A formação dos grupos aludia a um time de futebol com seus
11 jogadores, alegorizando a união em torno de ideais de conquistas coletivas,
no caso, sociais. No momento de fundação de cada um desses grupos, uma ata era
feita, obedecendo a um modelo, registrando nomes e endereços de seus membros,
entre eles o seu comandante e o subcomandante.
Os objetivos principais dos
grupos ali eram definidos: “[...] a atuação organizada em defesa das conquistas
democráticas de nosso povo, pela instituição de uma democracia autêntica e
nacionalista, pela imediata concretização das Reformas, em especial das
Reformas agrária e urbana e, a sagrada determinação de luta pela libertação de
nossa pátria da espoliação internacional.”
A ata de formação era enviada ao deputado Brizola, que
lia todos os nomes dos novos membros ao vivo pela rádio Mayrink Veiga, onde discursava
todas as noites em rede nacional.

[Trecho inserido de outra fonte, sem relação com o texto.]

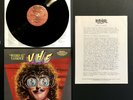 WEIRD AL YANKOVIC UHF Soundtrack PROMO LP w/PRESS KIT  Vinyl 1989 Rare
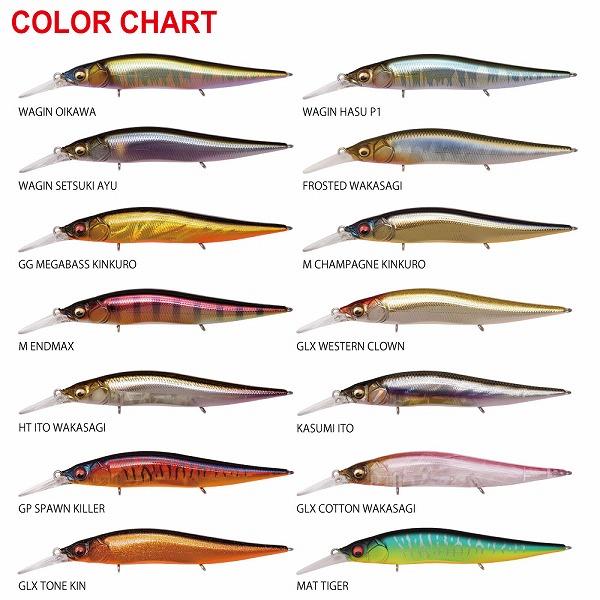 Megabass（メガバス） 【ネコポス対象品】メガバス VISION ONETEN+1 Jr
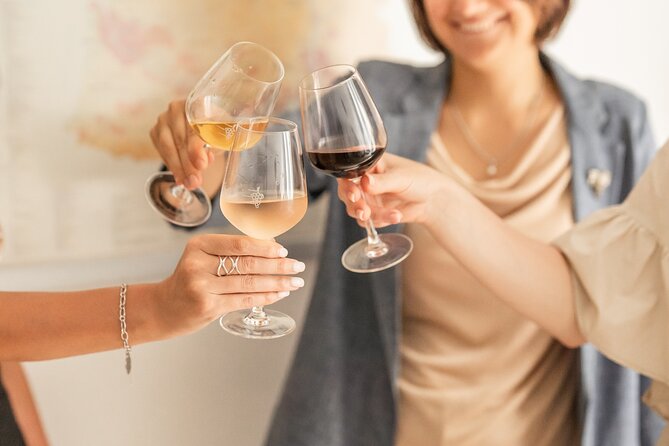 Wine Tasting Class: Tour de France in Nice City Centre - A compact room with a social feel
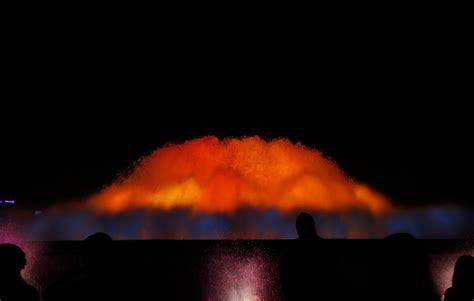 Magic Fountain of Montjuïc Behance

Igualmente havia uma cartilha identificada
“Manual de Ação”, servindo de norte à “Organização dos Grupos de Onze
Companheiros ou Comandos Nacionalistas (Organização do Povo)”, assinada por
Brizola em 29 de novembro de 1963.
Com a crescente popularidade do PTB em questões crucias
como a reforma agrária e o prestígio de suas duas maiores lideranças, Brizola e
Jango, os Grupos dos Onze se proliferaram país afora, sobretudo no estado
rio-grandense. Em tempos de intensa polarização político-ideológica, não
faltaram os que acusavam o movimento como sendo uma etapa insurrecional
golpista de esquerda. De herança escravocrata, a elite nacional, associada ao
imperialismo estadunidense, e parte da classe média, temiam a perda de seus
privilégios face ao governo trabalhista de João Goulart. Entre dezembro de 1963
e março de 1964, o tema Grupos dos Onze assume papel central nos acalorados
debates parlamentares, a despeito de sua real força e mesmo existência.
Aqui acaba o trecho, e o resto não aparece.